> _Exercise aim_: Apart from the pictures, every part of the records below gets retyped exactly.

Short text fragments from websites
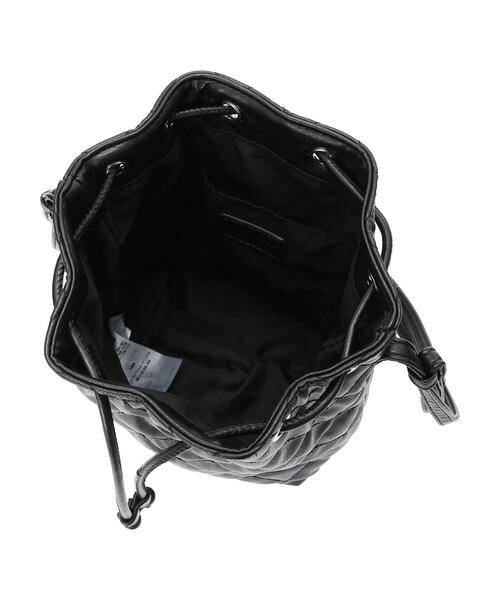 AMERICAN HOLIC（アメリカンホリック）の「キルティング巾着ショルダーバッグ（ショルダーバッグ・レディース・ブラック・FREE）」の14枚目の写真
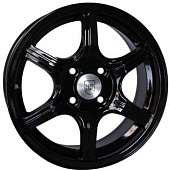 Диски Tech Line 433 5.5x14 4*98 ET38 DIA58.6 BL Литой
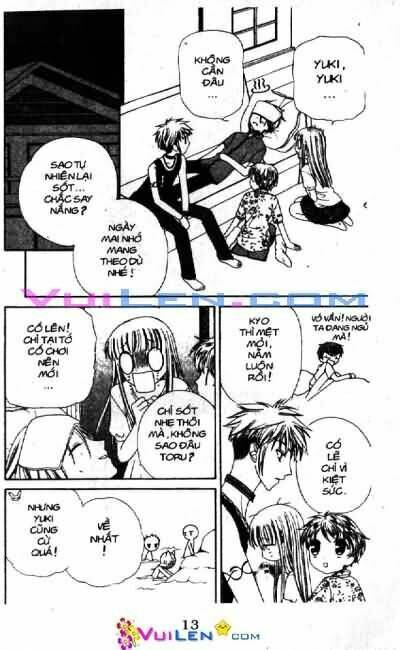 giỏ trái cây - fruit basket chapter 14 13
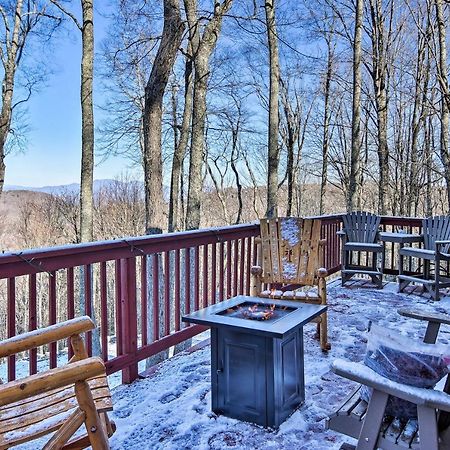 Beech Mountain Cabin Retreat With Hot Tub And Views! Kültér fotó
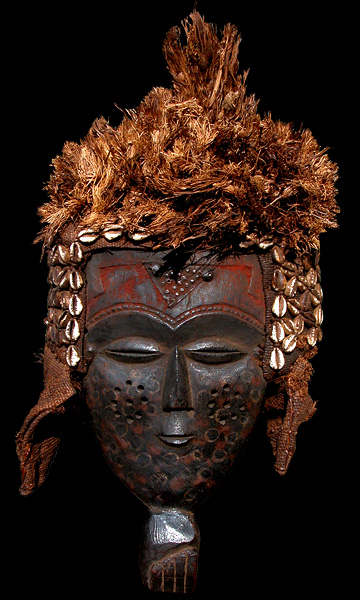 BASHILELE: ritual mask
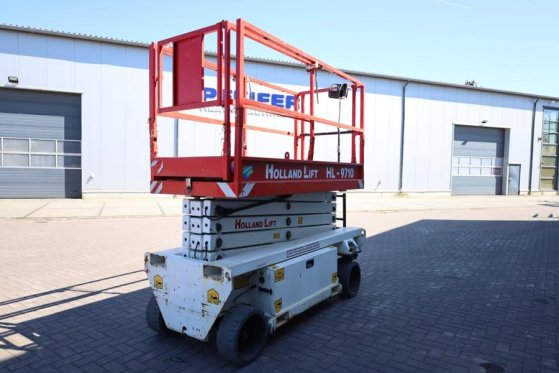 Holland Lift Ecostar HL-9710 Electric, 12m Working Height, 325k Holland lift Ecostar HL-9710 Electric, 12m Working Height,...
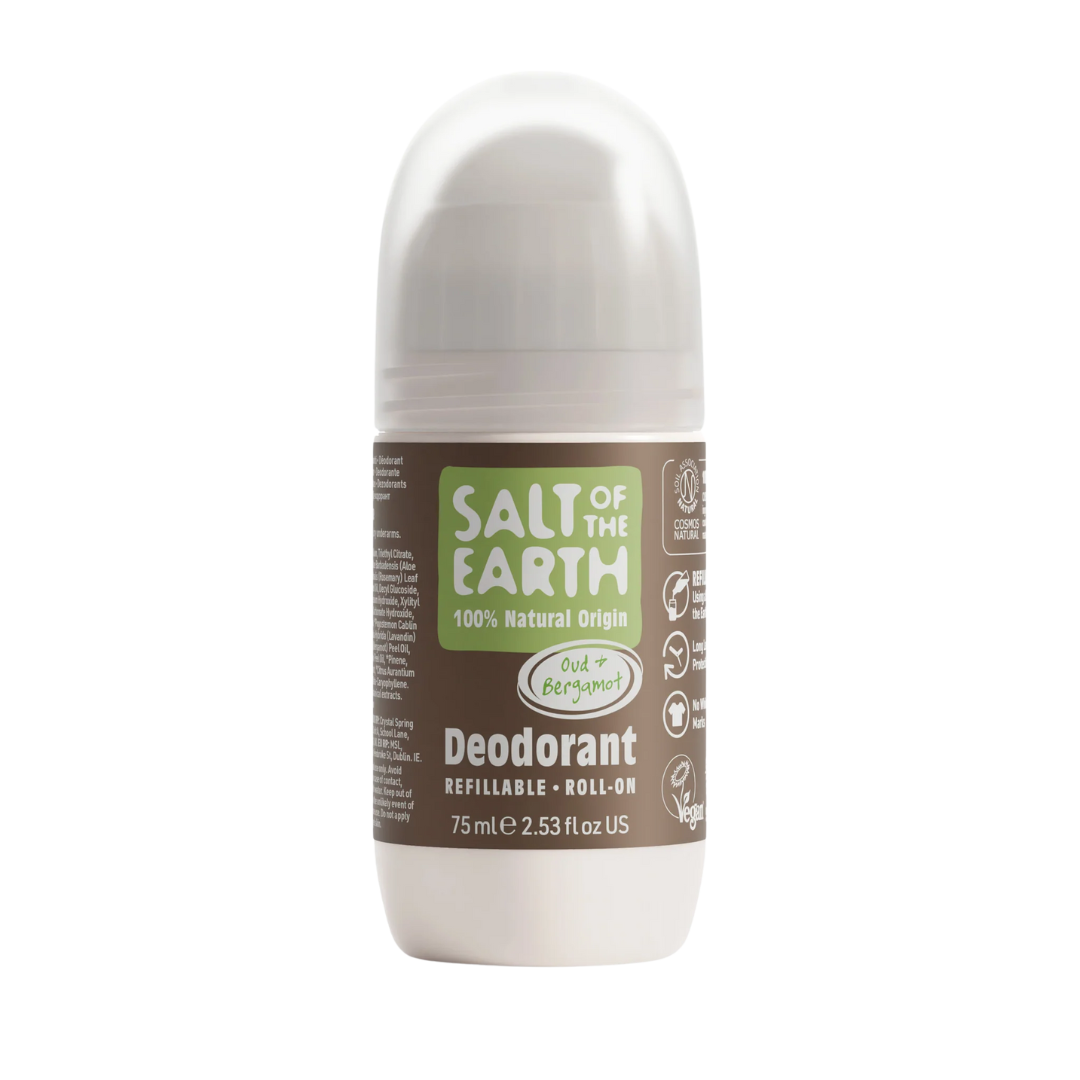 沉香与佛手柑滚珠止汗露 75 ml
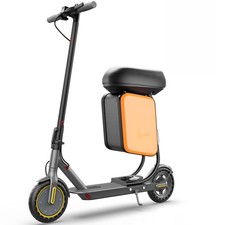 Qlaway 8.5" E Scooter Adult w/ Luggage Seat, 19MPH, 350W Motor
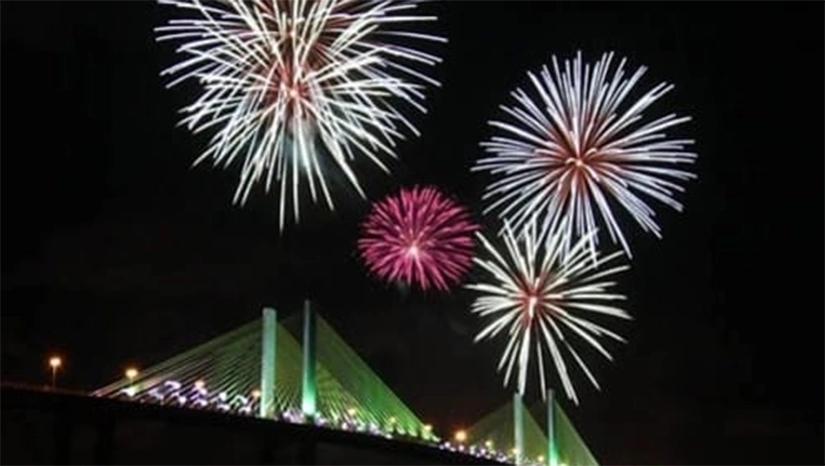 Corpo de Bombeiros do RN alerta sobre cuidados na utilização de fogos de artifício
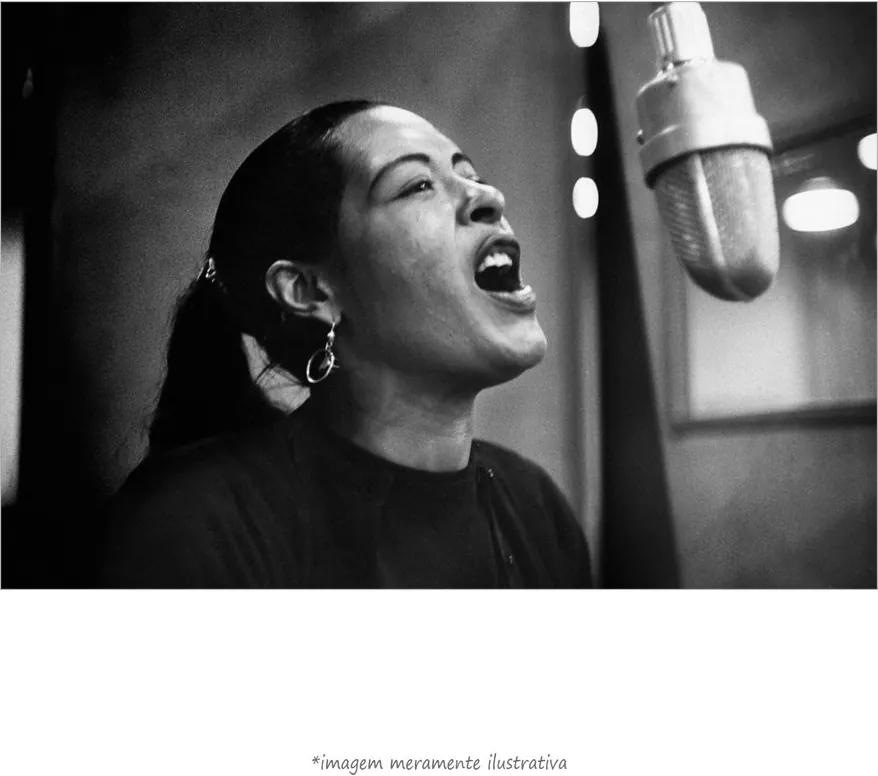 Poster Billie Holiday (20x30cm, Apenas Impressão)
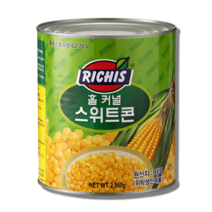 리치스 홀 커널 달콤한 스위트콘 2.95kg, 1개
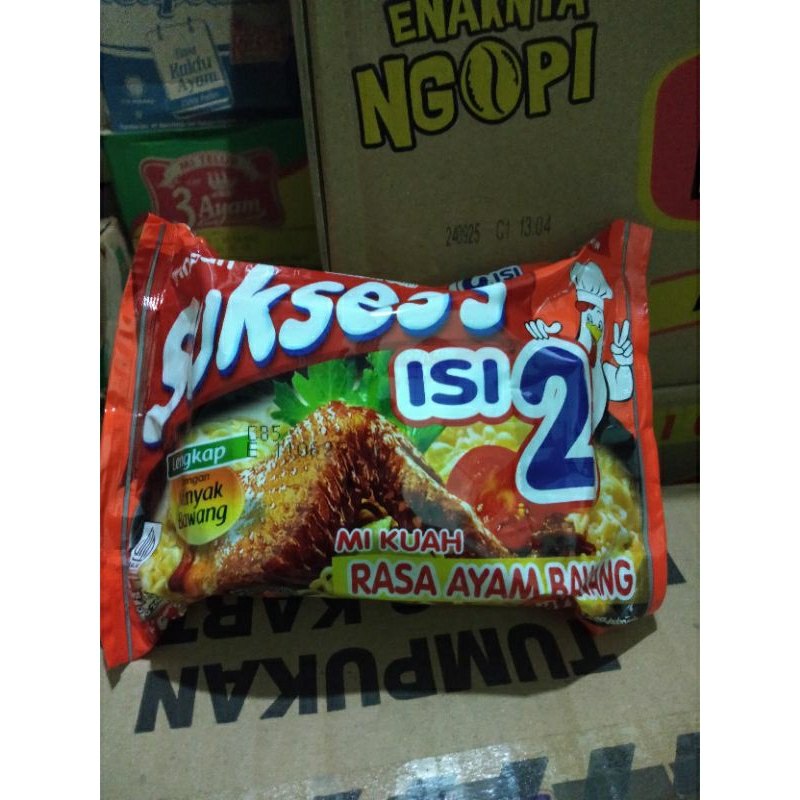 

Mie Sukses Ayam Bawang, Mie sukses Ab Isi 2 Termurah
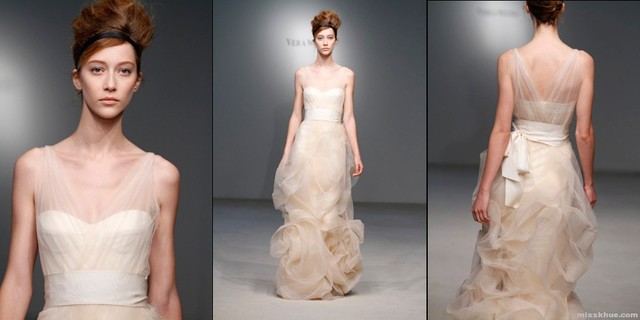 Slim Selection of Exicsting Bridal Wear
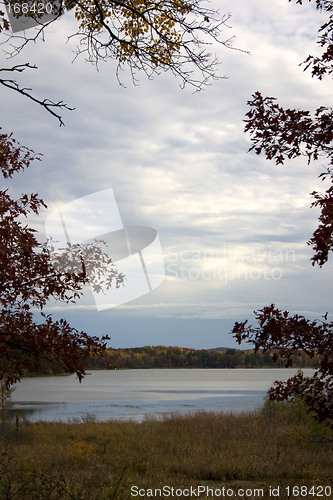 Image of Fall Lake Frame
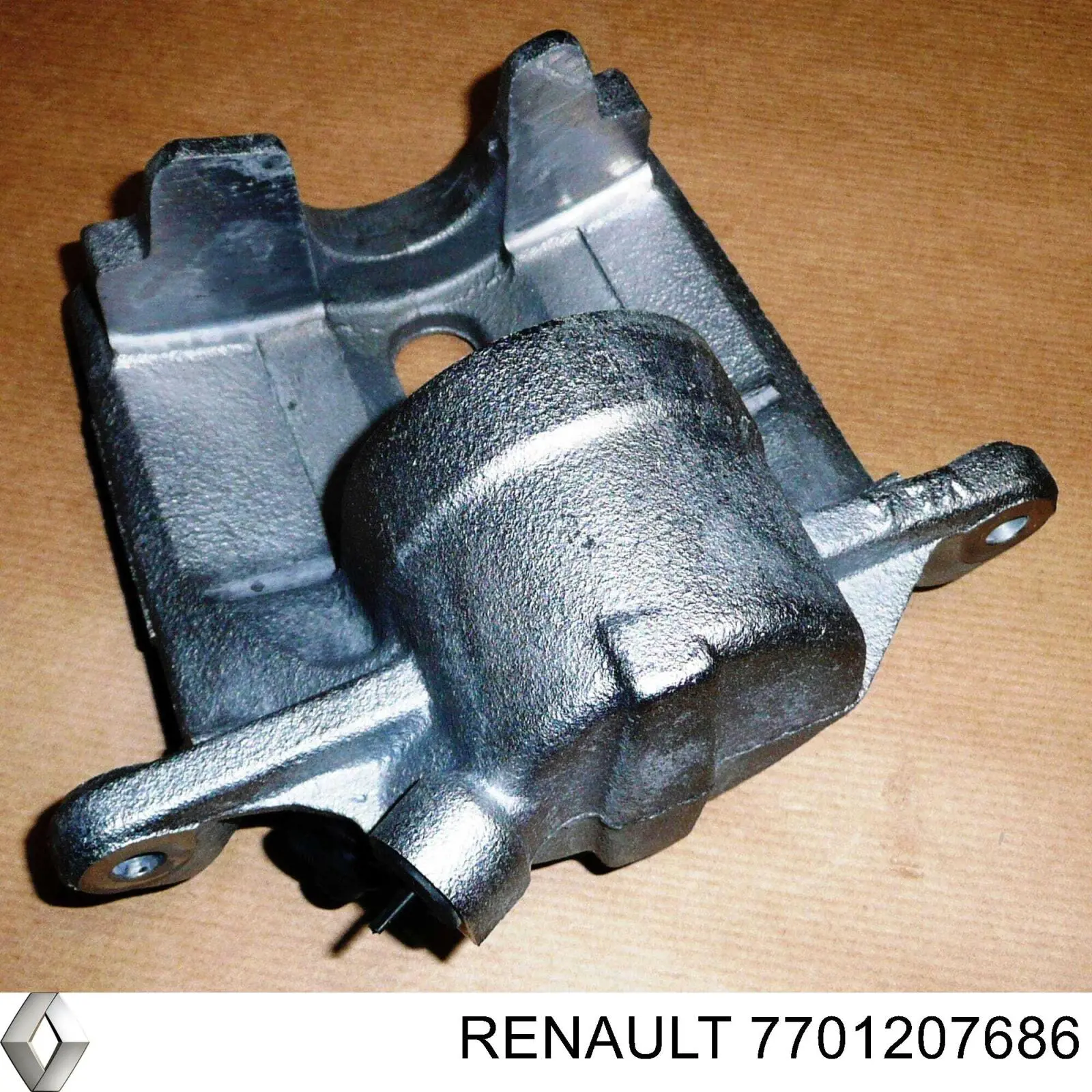 Comprar 7701207686 Renault (RVI) Pinza de freno delantera derecha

> _Answer to the exercise_:
 AMERICAN HOLIC（アメリカンホリック）の「キルティング巾着ショルダーバッグ（ショルダーバッグ・レディース・ブラック・FREE）」の14枚目の写真
 Диски Tech Line 433 5.5x14 4*98 ET38 DIA58.6 BL Литой
 giỏ trái cây - fruit basket chapter 14 13
 Beech Mountain Cabin Retreat With Hot Tub And Views! Kültér fotó
 BASHILELE: ritual mask
 Holland Lift Ecostar HL-9710 Electric, 12m Working Height, 325k Holland lift Ecostar HL-9710 Electric, 12m Working Height,...
 沉香与佛手柑滚珠止汗露 75 ml
 Qlaway 8.5" E Scooter Adult w/ Luggage Seat, 19MPH, 350W Motor
 Corpo de Bombeiros do RN alerta sobre cuidados na utilização de fogos de artifício
 Poster Billie Holiday (20x30cm, Apenas Impressão)
 리치스 홀 커널 달콤한 스위트콘 2.95kg, 1개

Mie Sukses Ayam Bawang, Mie sukses Ab Isi 2 Termurah
 Slim Selection of Exicsting Bridal Wear
 Image of Fall Lake Frame
 Comprar 7701207686 Renault (RVI) Pinza de freno delantera derecha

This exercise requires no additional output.